Job 4:3 - John Trapp Complete Commentary

Bible Comments

Behold, thou hast instructed many, and thou hast strengthened the weak hands.

Ver. 3. Behold, thou hast instructed many] sc. To do each day's duty with Christian diligence, and to bear each day's crosses with Christian patience thou hast done it well. But how comes it now to pass, quod dicta factis erubescant, that thy present doings shame thy former sayings? (Tertul.); and that (as it was noted of Demosthenes the orator) thou art better at praising of virtue than at practising of it? Turpe est Doctori, &c. Should not the physician first heal himself? and ought not the preacher's word be Spectemur agendo; let our profiting appear to all men, let our lives be a true transcript of our sermons? What a shame was it that Hilary should complain that the people's ears were holier than the preachers' hearts, Sanctiores sunt aures plebis quam corda sacerdotum (Hilar.), and that Erasmus, by a true jest, should be told that there was more goodness in his book of the Christian soldier than in his bosom! Eliphaz from this ground would here argue that Job was little better than a hypocrite; a censure overly rigid, it being the easiest thing in the world, as a philosopher observed, to give good counsel, and the hardest thing to take it. Dr Preston, upon his death bed, confessed, that now it came to his own turn, he found it somewhat to do to practise that which he had oft pressed upon others.

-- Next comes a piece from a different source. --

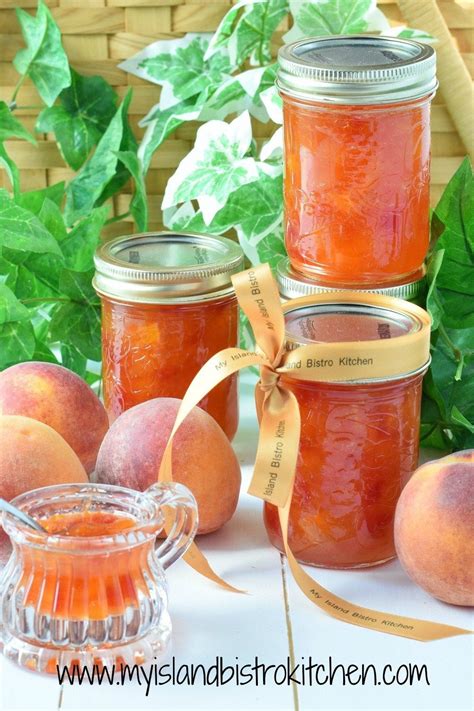 Perfect Peach Marmalade Recipe My Island Bistro Kitchen Recipe Peach Marmalade Recipe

And thou hast strengthened the weak hands] Loose and lax, feeble and infirm, through many terrors and troubles: to these thou hast spoken words which have been as sinews to their hands, and as strength to their joints. Job had comforted the feeble minded, or the dispirited, the sick at heart, and sinking under the sense of sin and fear of wrath, 1 Thessalonians 5:14. This is a harder work than to raise the dead to life, saith Luther; this not one of a thousand can skill of, Job 33:23. He must have feeding lips and a healing tongue that shall do it. O quam hoc non est omnium! The Christian Romans were able to do it, Romans 15:14. And holy Job was both able and apt, for he did it to many. True goodness is diffusive of itself, and is therefore compared to the most spreading things; as fire, water, sunlight, &c.

Job 4:3

3 Behold, thou hast instructed many, and thou hast strengthened the weak hands.